- **EXERCISE REQUIREMENTS**
Give the data again exactly as written, without any of its pictures.

- **RECORD EXCERPTS**
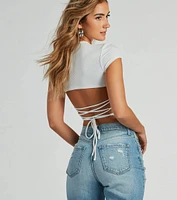 Trendy Cutie Lace-Up Ribbed Smooth Knit Crop Top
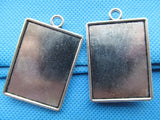 20pcs Antique Silver Rectangle Base Setting Tray Bezel Pendant Charm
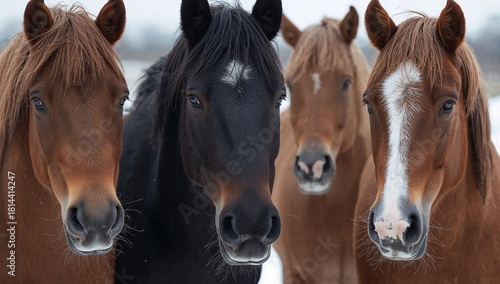 Horses Standing Together in a Winter Landscape With Snow-Covered Ground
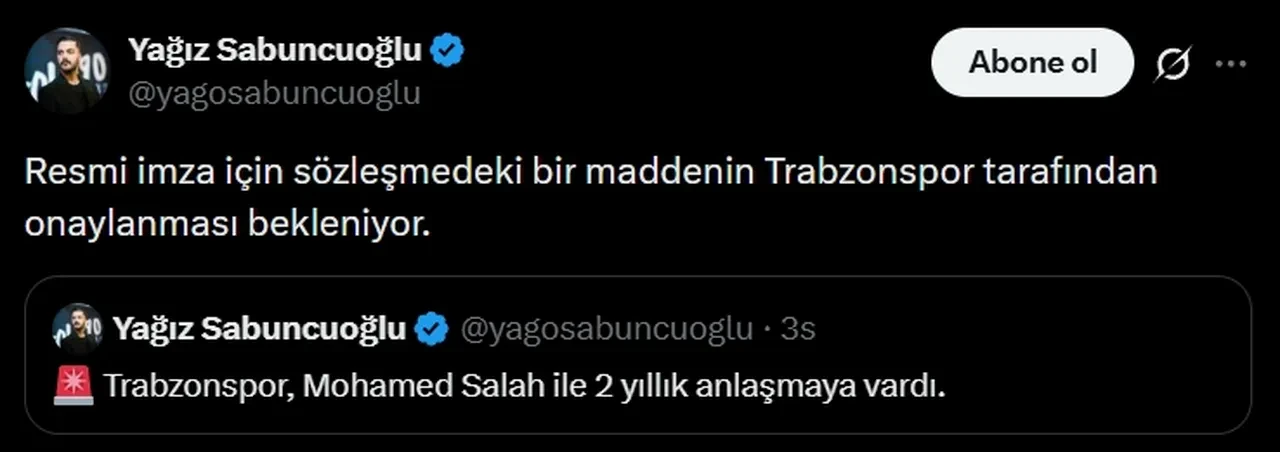 Salah Trabzonspor’a geldi mi? Trabzonspor transfer haberleri son durum…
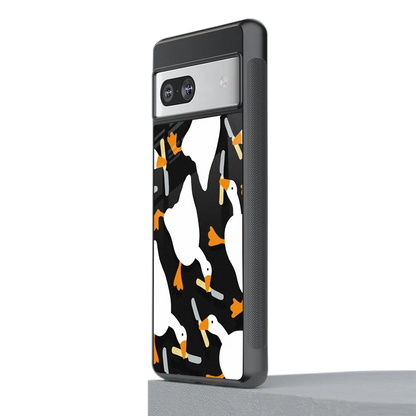 Quack Attack stylish phone case for google pixel 7a | glossy glass and slim fit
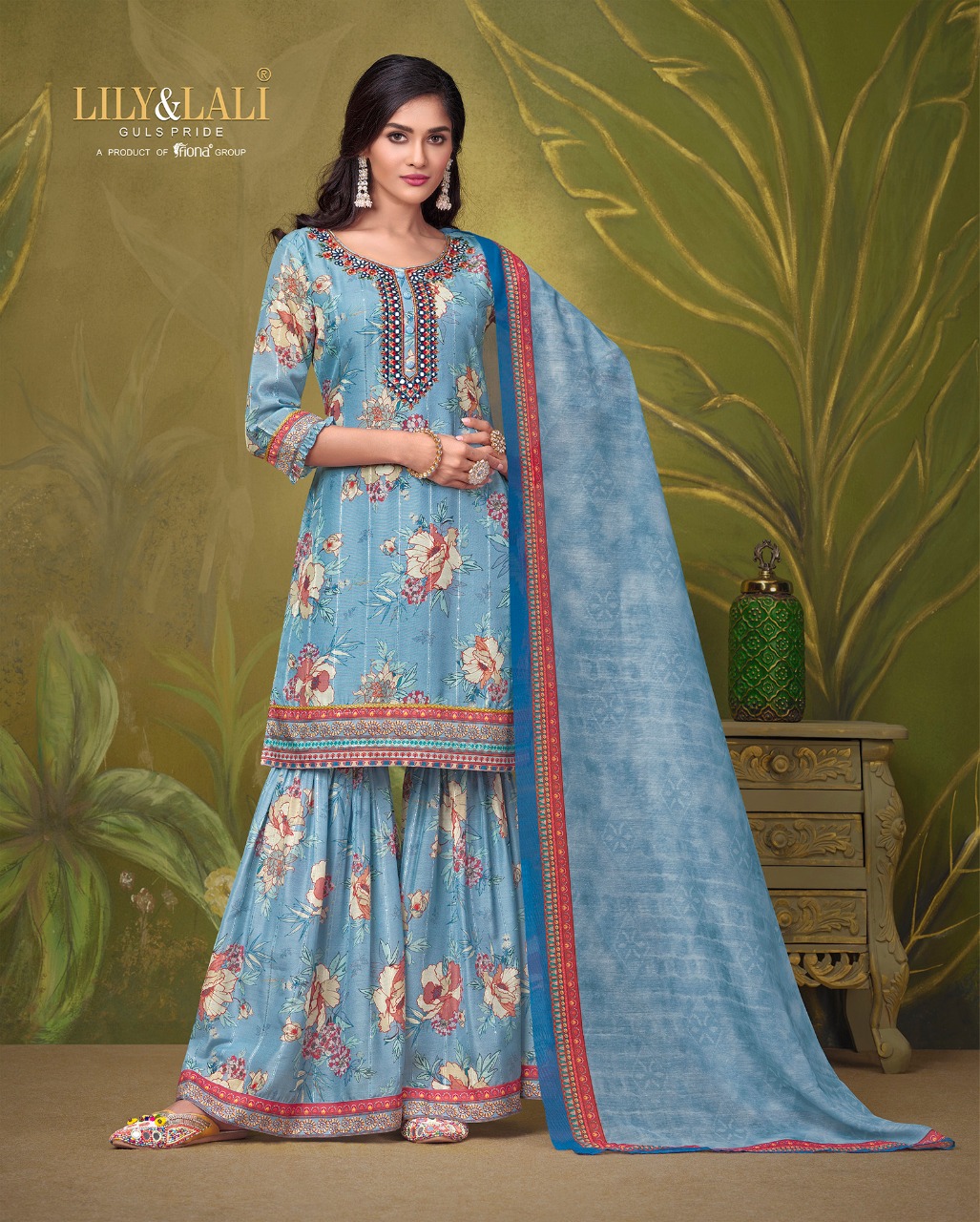 lily and lali elegant prints muslin elegant look top with Gharara dupatta catalog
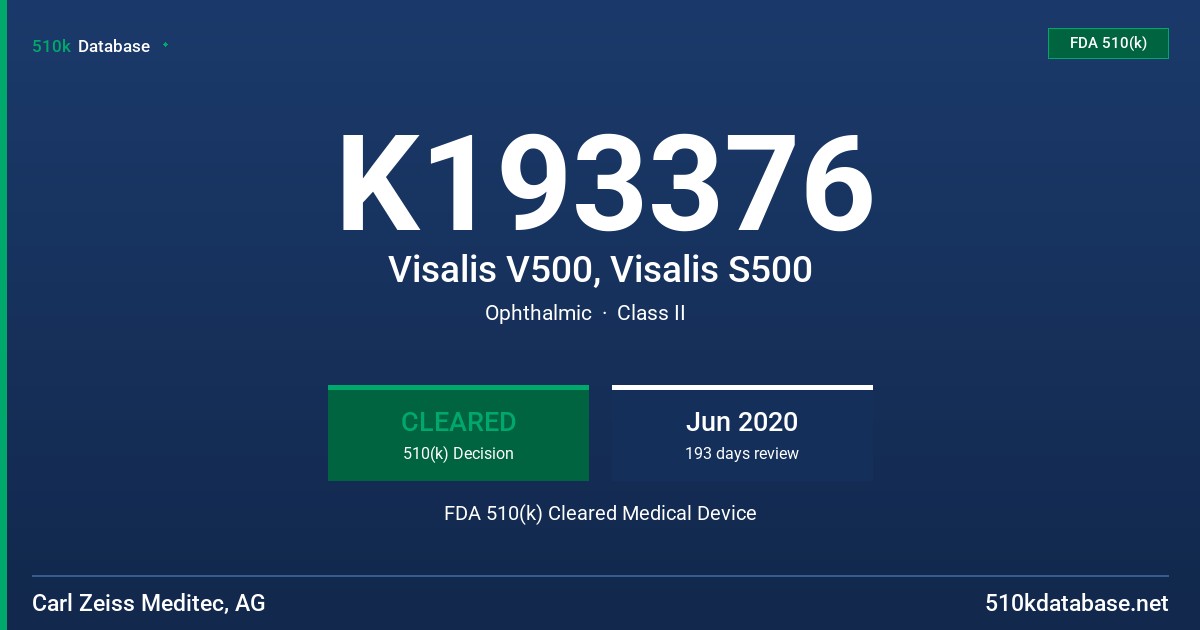 K193376 Visalis V500, Visalis S500 FDA 510(k) Cleared Medical Device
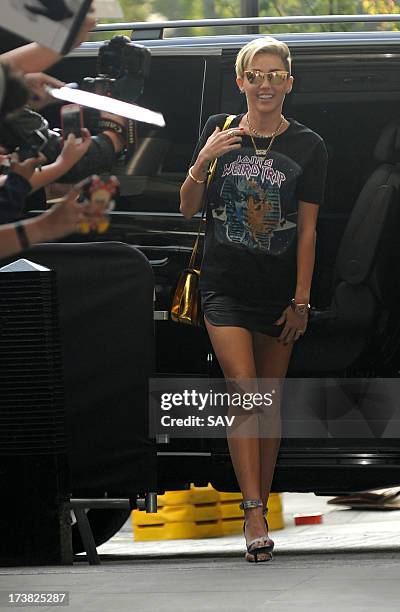 Miley Cyrus pictured at the BBC Radio 1 studios on July 18, 2013 in London, England.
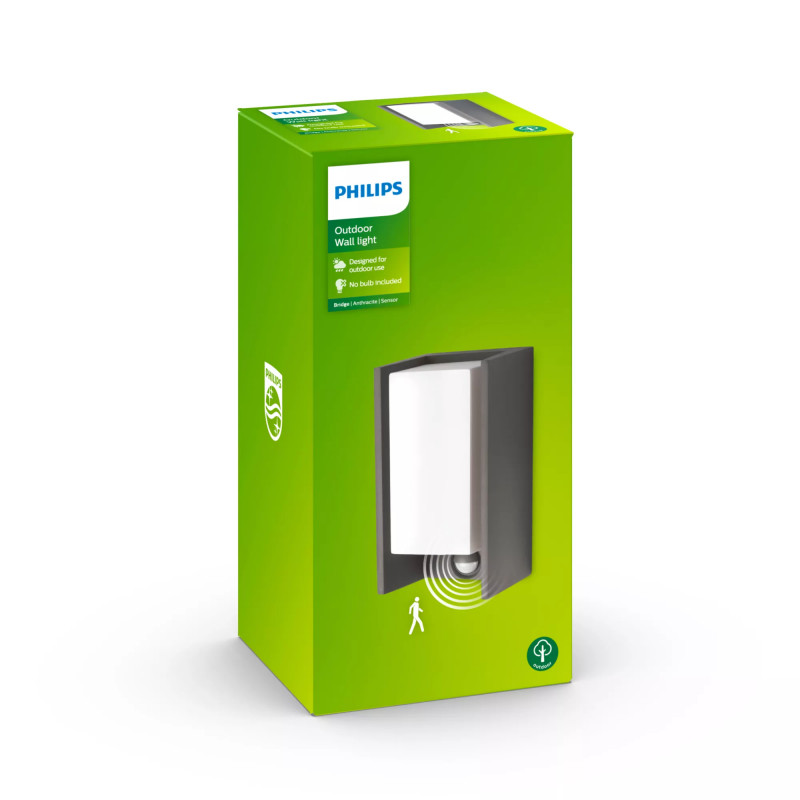 Philips myGarden IR ES lampada da parete Bridge 42W con rilevatore di movimento antracite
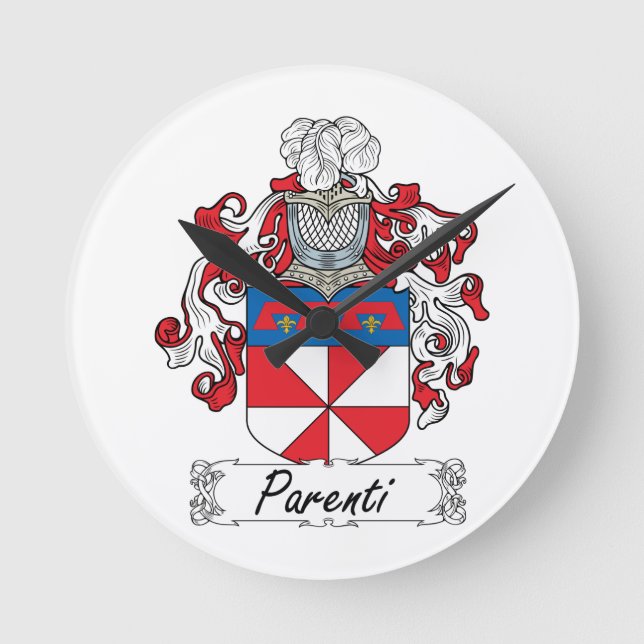Parenti Family Crest Round Clock (Front)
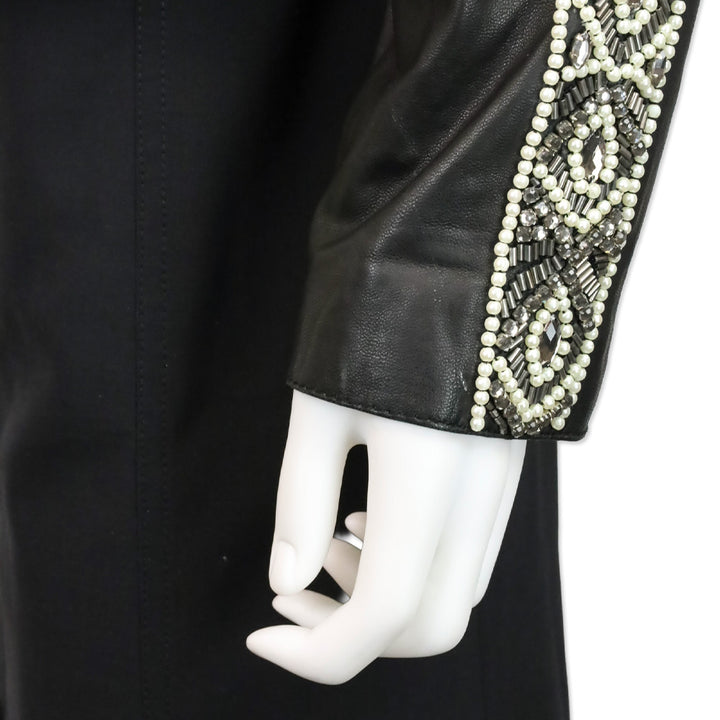 Haute Hippie Black Leather Beaded Trim Moto Jacket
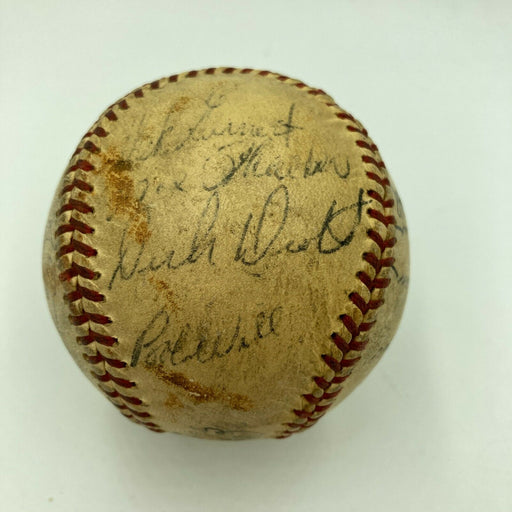 1960 Chicago Cubs Team Signed Game Used National League Giles Baseball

- **ANSWER FOR THIS EXERCISE**
 Trendy Cutie Lace-Up Ribbed Smooth Knit Crop Top
 20pcs Antique Silver Rectangle Base Setting Tray Bezel Pendant Charm
 Horses Standing Together in a Winter Landscape With Snow-Covered Ground
 Salah Trabzonspor’a geldi mi? Trabzonspor transfer haberleri son durum…
 Quack Attack stylish phone case for google pixel 7a | glossy glass and slim fit
 lily and lali elegant prints muslin elegant look top with Gharara dupatta catalog
 K193376 Visalis V500, Visalis S500 FDA 510(k) Cleared Medical Device
 Miley Cyrus pictured at the BBC Radio 1 studios on July 18, 2013 in London, England.
 Philips myGarden IR ES lampada da parete Bridge 42W con rilevatore di movimento antracite
Parenti Family Crest Round Clock (Front)
 Haute Hippie Black Leather Beaded Trim Moto Jacket
 1960 Chicago Cubs Team Signed Game Used National League Giles Baseball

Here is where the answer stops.